Gowanus Lounge: Serving Brooklyn

GL Analysis: It’s Time to Completely Rethink Atlantic Yards

January 14th, 2009 · 1 Comment

Symbolically, the final shoe dropped yesterday. One of the people chiefly responsible for Atlantic Yards, Borough President Marty Markowitz told the New York Times that in the paper’s words he was “calling on the developer and state officials to review the design with an eye toward paring costs so that the long delayed project is more financially viable.” We are not getting into another long Atlantic Yards diatribe. There have been many problems with the Atlantic Yards approval process including that it has been one of the most anti-democratic and divisive exercises in the last half century in urban America. It has been a textbook case in how not to plan a major urban project.

Yesterday, Mr. Markowitz–for whom we have little respect for reasons that have to do with a frightening disassociation between his jolly public persona and his volcanic and mean-spirited private nature–said that Bruce Ratner should come up with a “sports and entertainment venue that is more economically feasible but provides the modern amenities our residents and visitors to Brooklyn demand and deserve.” He also said that, again in the words of the Times, “the developer could incorporate some design and construction changes that would lower the bottom line, while celebrating Brooklyn architecture.” Given that his ideal would seem to be Metrotech and Ikea, this is a frightening statement in and of itself.
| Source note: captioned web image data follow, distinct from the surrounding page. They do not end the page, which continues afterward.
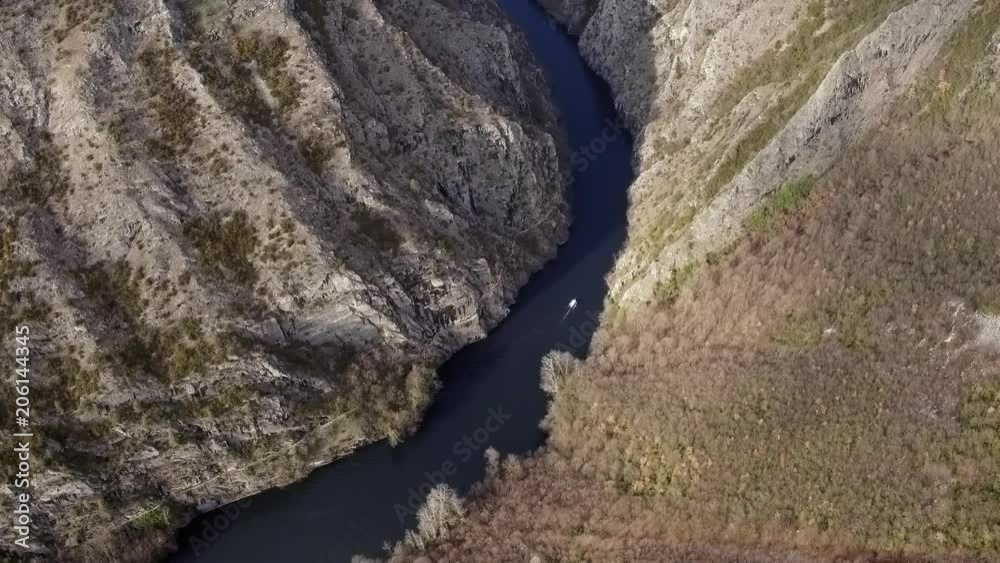 Aerial looking down at boat on a river in a canyon. Lake Matka, Macedonia Aerial looking down at boat on a river in a canyon. Lake Matka, Macedonia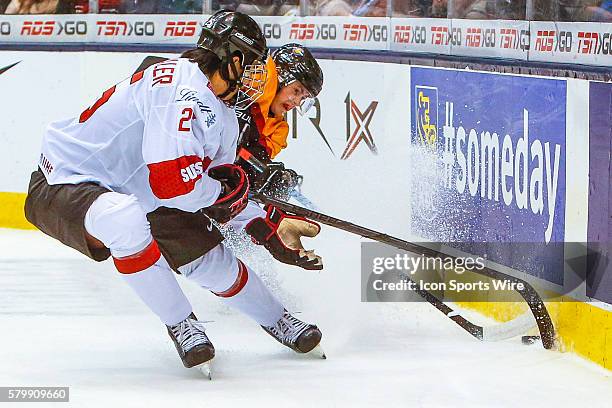 Jonas Siegenthaler of Switzerland fights for the puck against Germany during Switzerland's 5-2 victory over Germany at the IIHF World Junior...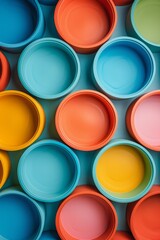 Abstract image with vibrant colors school blue, recess green, playful pink, snacktime orange. Circular designs on a colorful background.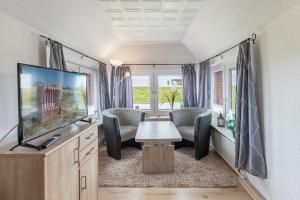 Una sala de estar de RV con TV y sillas. en Haus Seeblick _ Wohnung 2, en Dagebüll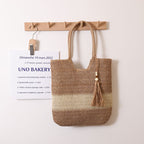 Woven two-tone tassel shoulder bag by Wanita Store, casual straw beach bag with tassel accents for women.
We highly doubt whether Atlantic Yards will ever be built, although we think there’s slightly less than a 50-50 chance that a cheap, ugly arena might end up plopped at Atlantic and Flatbush Avenues. We strongly believe that a lot more than value engineering is needed and a lot more than a cursory examination is called for. We doubt Gov. Paterson has the political courage or ethics to step in and put a halt to this process, but what is needed is nothing short of an entire freeze on the process and a thorough re-examination of the project. We’d even go so far as to say that the proposal as it currently stands is so radically different than what was shoved down the public’s throat that it should be scrapped and the entire project should begin from scratch. Perhaps with another developer. If the price tag is a decade of emptiness, so be it. The tragedy is that the state allowed blocks of Prospect Heights to be leveled that will now become blights on a decent community. Maybe by the time everyone comes up with a new and workable plan that is achieved through a genuine and open public process (what a unique concept), there might even be a financial market healthy enough to get it done.

Tags: Atlantic Yards

1 response so far ↓

  • 1 Anonymous // Jan 14, 2009 at 9:07 am

    Hey Marty

    How about having that hack developer pay for this project himself instead of the taxpayers. He was so for this project and now the 180. I’ve said it before and I’ll say it again……. he is nothing more than a media whore.